A crate of packages and boxes wrapped on the back of a lorry.
Photo by Markus Spiske on Unsplash

I attended a webinar given by ELT Publishing Professionals yesterday, and I feel I have to write about it.

The topic was about packagers (or vendors or suppliers, but I’m sticking with packagers) in the ELT industry. I was really pleased that ELT PP had organised this topic, because I work with packagers nearly all the time, so they are a big part of my daily life.

What has shocked me is the overwhelmingly negative attitude towards packagers with some implying that working for a publisher in-house is preferable. That’s all well and good, if you can get in. What also shocked me is that people, sorry, professionals, have been criticising and naming packagers that they’ve had issues with – not only during the webinar, but also on social media in discussions afterwards. This is a perfect example of how not to network. Now, I can understand why people are naming names – potentially to ‘warn’ others. But why does this need to be done in a public forum? It is likely that other packagers (and indeed publishers) may see your comments and decide from the get-go that you’re not worth contacting for a possible job.

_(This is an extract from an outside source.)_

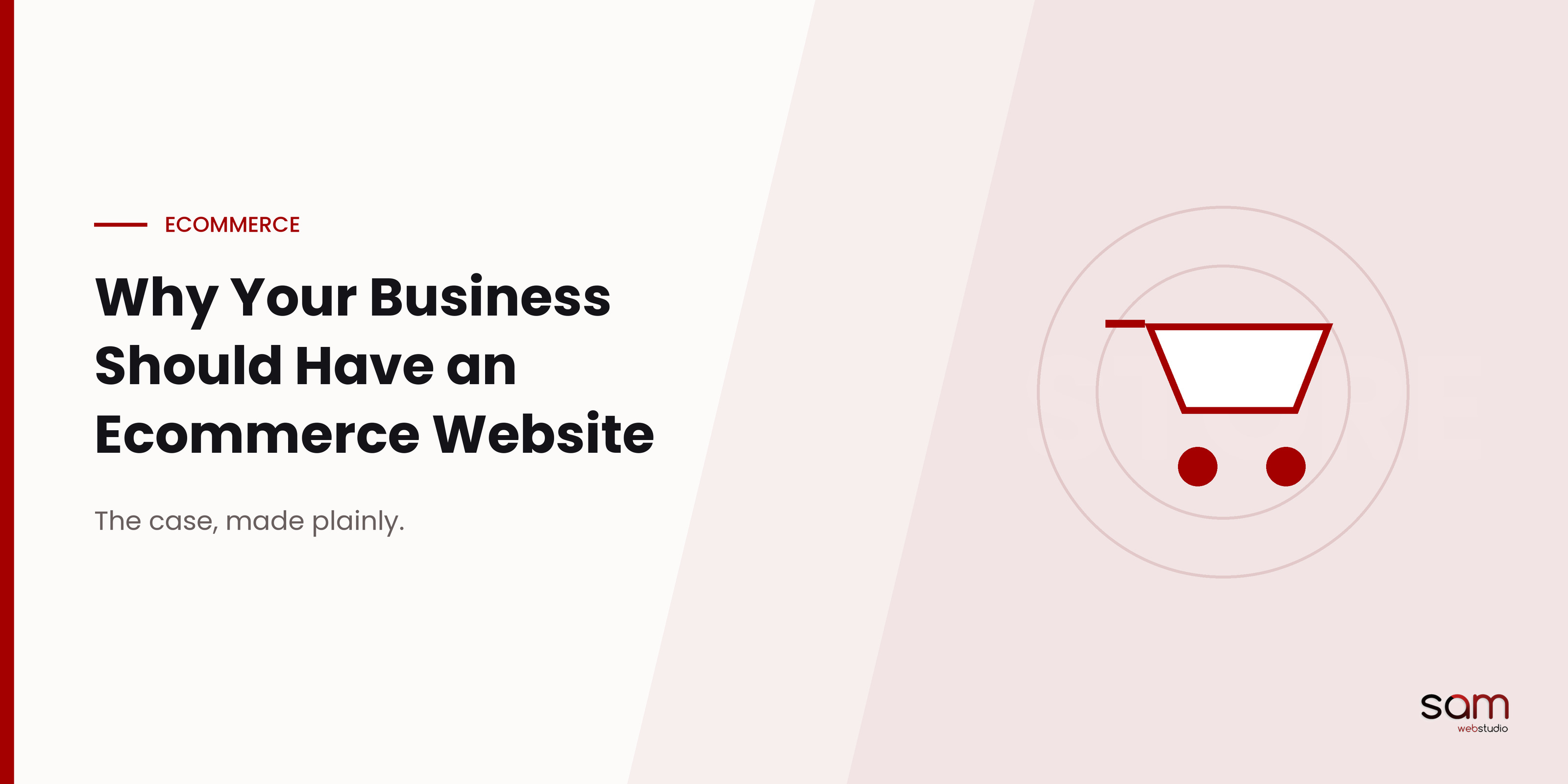 Ecommerce Web Designing Company Delhi
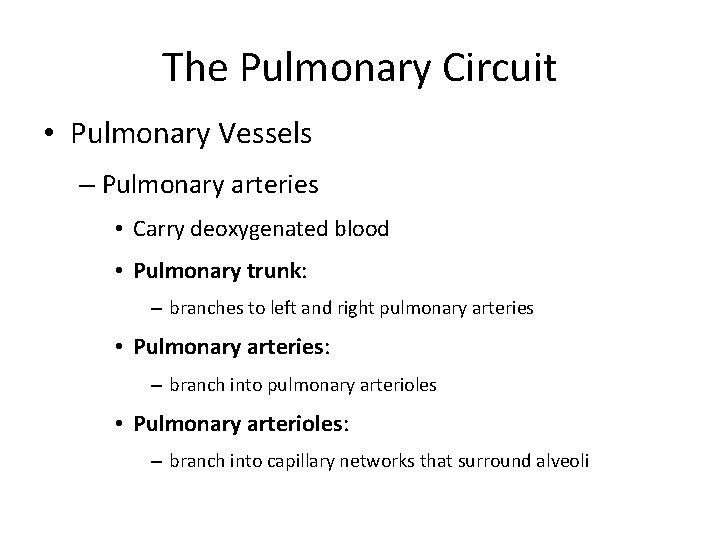The Pulmonary Circuit • Pulmonary Vessels – Pulmonary arteries • Carry deoxygenated blood •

It was disheartening to see at the end of the webinar the words that people chose to write about how they felt about packagers – one I saw was ‘scrap heap’. Now, if this wasn’t an anonymous activity, would that person still have written that? Not only was it disrespectful to packagers, but it’s also disrespectful to those of us who have had good experiences with packagers – admittedly, not all my dealings have been positive, but that’s how life works. I’ve heard nightmare stories about working in-house too, so it goes both ways. I also find it’s disrespectful to our industry as a whole. Our industry of writing, editing and creating material for the ELT world is built around publishers, employees, packagers, freelancers and everyone else who doesn’t fit into those categories. If working for packagers doesn’t work for you, for any reason, that’s absolutely fine – don’t work for them.

When I first started out in ELT writing and editing, I did try and get a role at a publisher. I had numerous interviews, but it all came down to one thing – lack of experience with what I was applying to do. Packagers have allowed me to build my experience by allowing me to work on different projects. If it weren’t for packagers, I would be nowhere now. Working for a publisher in-house seemed like the golden ticket to a good career, but it just never happened for me. Since then, I’ve been able to do some work for big publishers and companies (not through packagers) as a result of my work and confidence building with packagers.

Before anyone asks, yes I have said ‘no’ to work I thought was too low of a fee and yes, I do know (or I’m getting better at knowing) my worth as a writer, editor and consultant. Yes, I feel valued working with packagers because not only do they value me and my input, they value me as a professional. This is not meant as an antagonistic post – just as those comments on social media are valid, so is my reaction to the webinar.